The irony of the purging of Bo Xilai, the brash and charismatic Communist party chief of Chongqing, is that he may have been the most popular politician in China. When asked last year what they thought of Mr Bo, a group of middle-aged women from a housing estate in the central Chinese city emphatically thrust their thumbs up in unison. “Bo Xilai is great,” they said. “We love Bo Xilai.”
Mr Bo’s habit of appealing directly to the public over the turrets of the Communist party castle almost certainly contributed to his downfall. As party chief in Chongqing, he led a brutal crackdown against the local mafia, which ran the usual prostitution and gambling rackets and which almost certainly had ties to some elements of the Communist party. Given the extra-judicial nature of his “anti-crime” campaign – in which 13 people were executed in speedy trials – it would not have been hard to dispose of political rivals in the process.

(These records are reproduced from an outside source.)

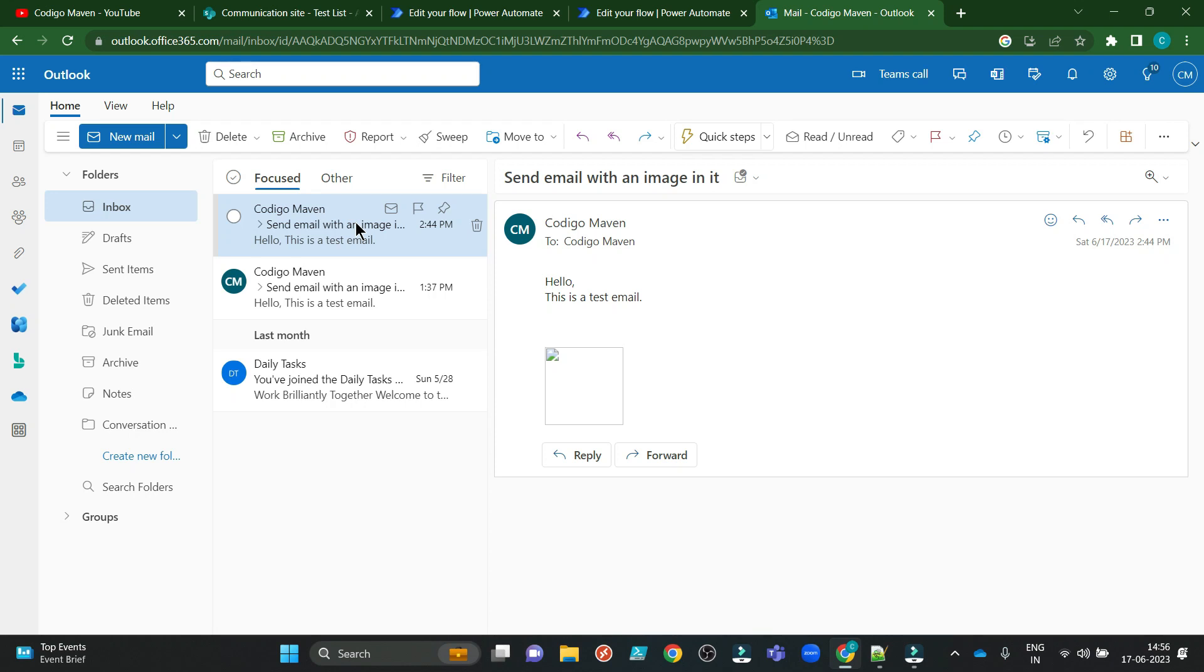Hello and welcome to my channel Kurigo Maven. In this tutorial, we will see how we can embed an image correctly using Power Automate and SharePoint in an Outlook email body. Let's start.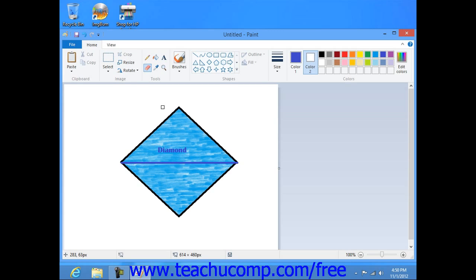Then click and drag over the parts of the picture that you want to erase in order to remove them.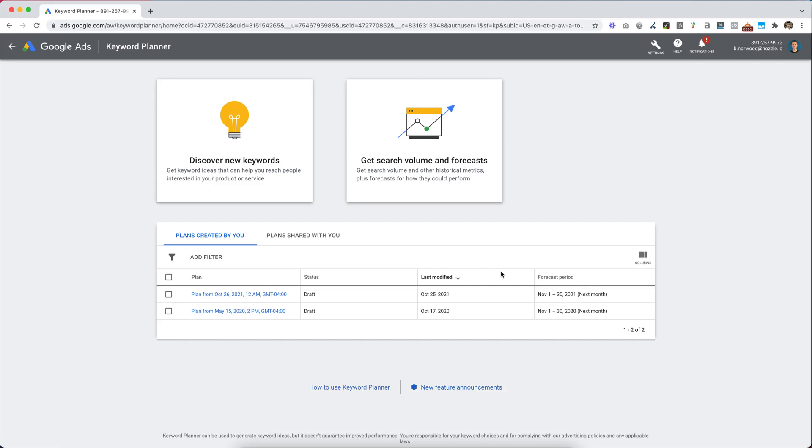In this tutorial, I'm going to show you how to use Google's Keyword Planner tool to generate a list of keywords for you to track within Nozzle.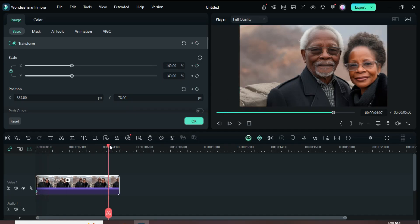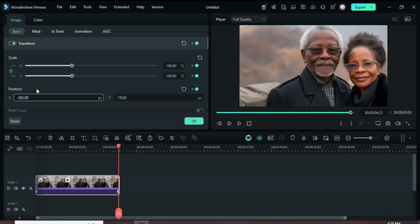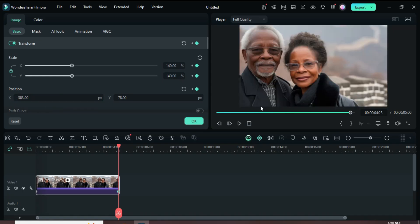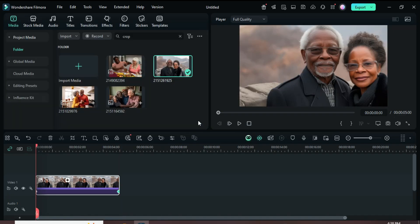Now move the playhead to the end, then add a keyframe to Transform. This time, only adjust Position X by adding minus to 383 so the picture shifts to the left as shown.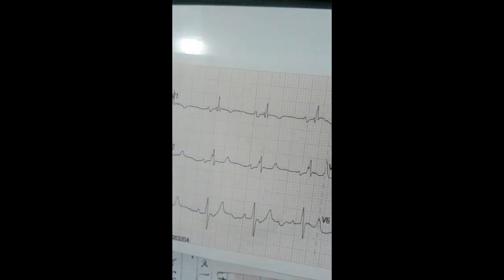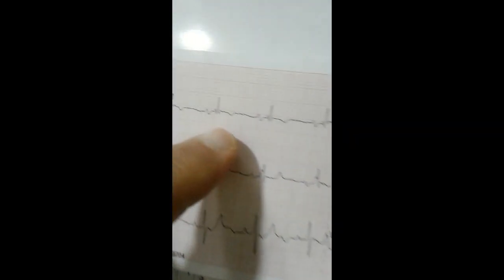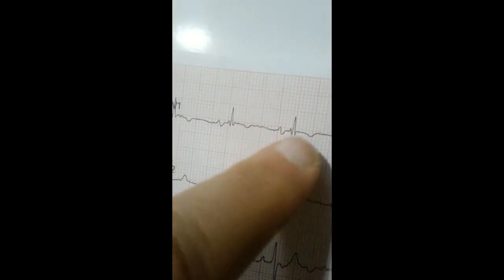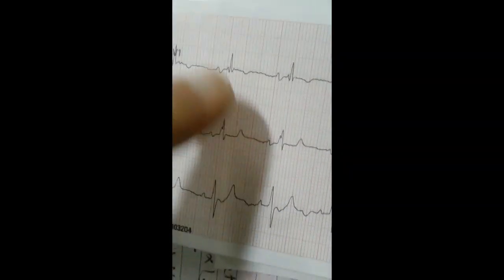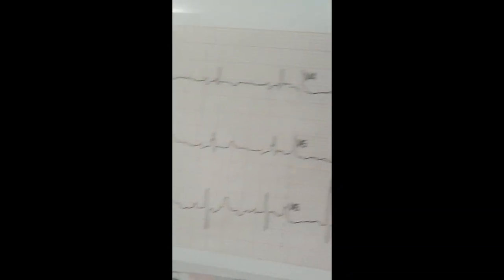On ECG, she has sinus rhythm with normal axis, but the R-wave is present in V1. This R-wave in V1 is similar to that of posterior myocardial infarction.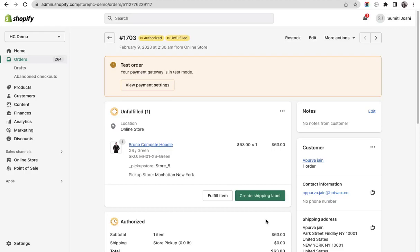With Hotvax Commerce as an order management system, every change made in an order in Shopify or otherwise has to be synced with Hotvax.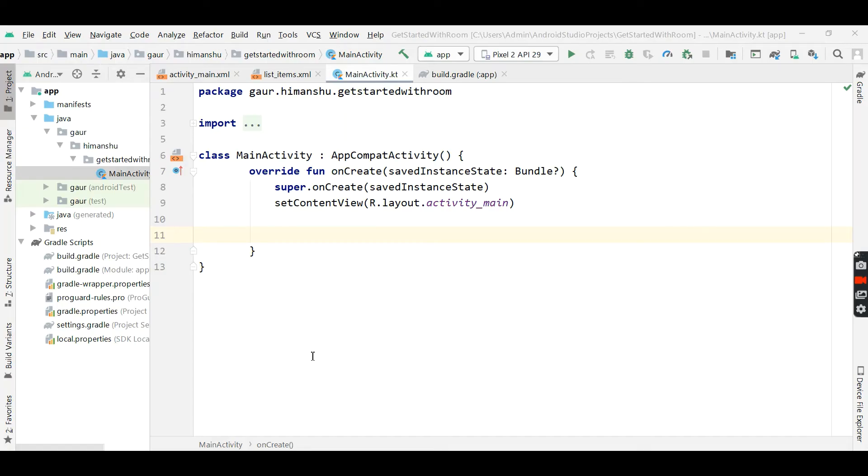Hello everyone, this is Mansu and in this tutorial, I will tell you how to use custom list view in our project.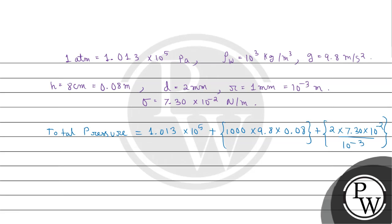As we further solve, we get total pressure value as 1.02 multiplied by 10 to the power 5 Pascal.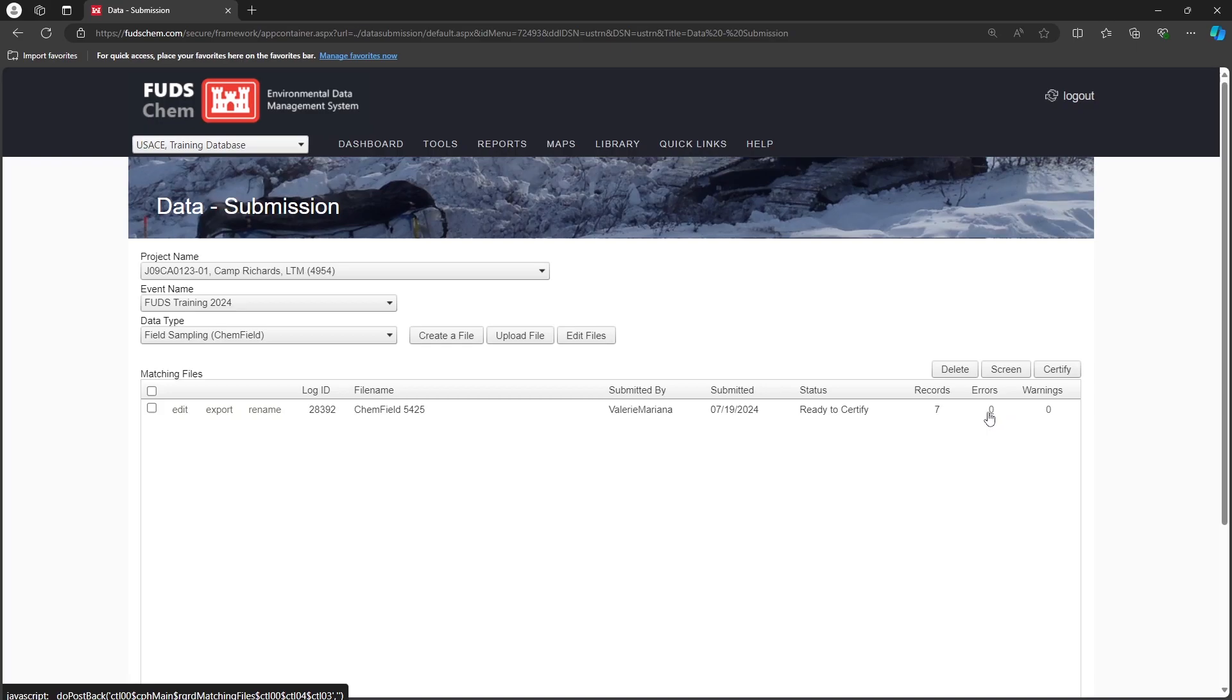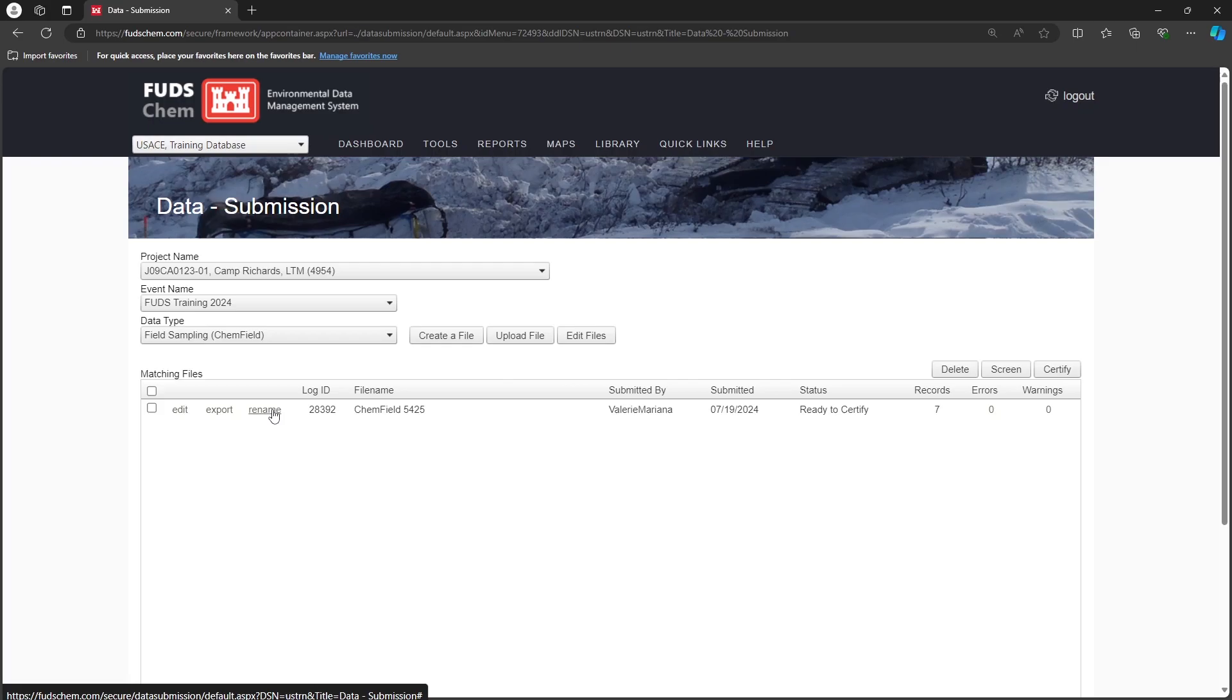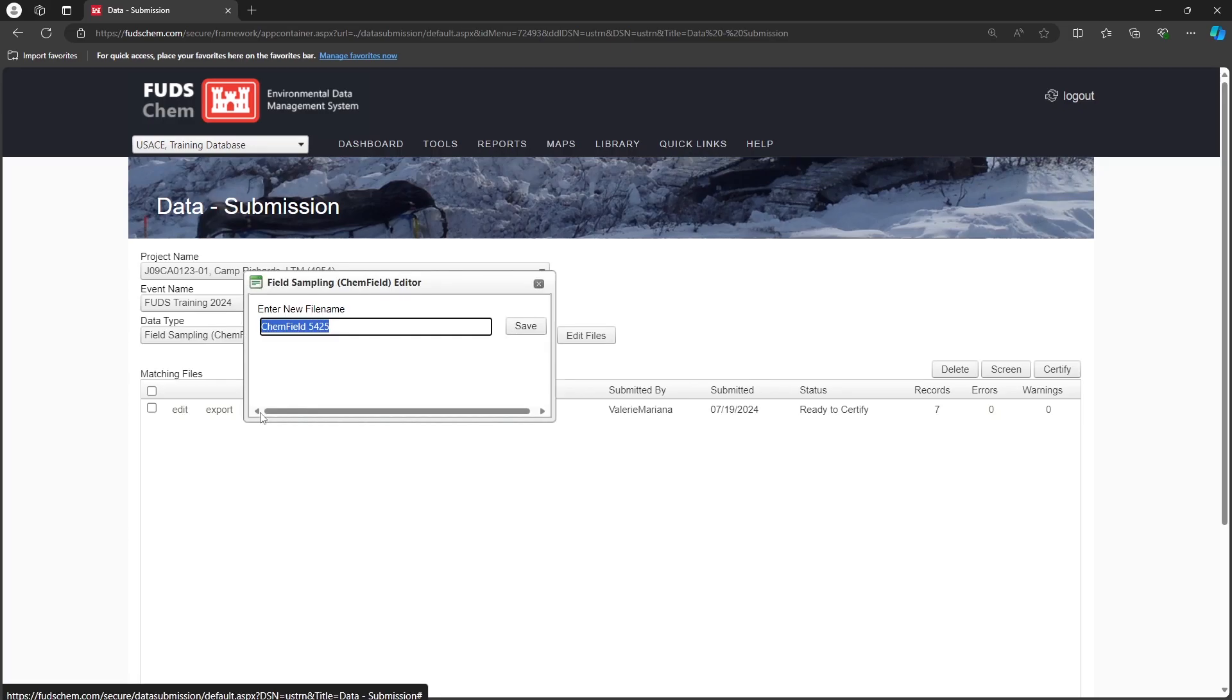First, let's rename the file so that it will be easy to identify later. We recommend naming Chemfield files after the CoC ID. In this case, CoC 081124A.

Mr Bo, in an initiative several commentators likened to the Chinese equivalent of running for office – a place in the nine-member standing committee – enacted other popular policies. He weakened the distinction between city dwellers in Chongqing and those in the countryside, making it easier for rural residents to access the health insurance and other benefits denied to most non-city dwellers. He also championed construction of public housing and huge infrastructure projects that made Chongqing, a city of 10m people, one of the fastest-growing in the country.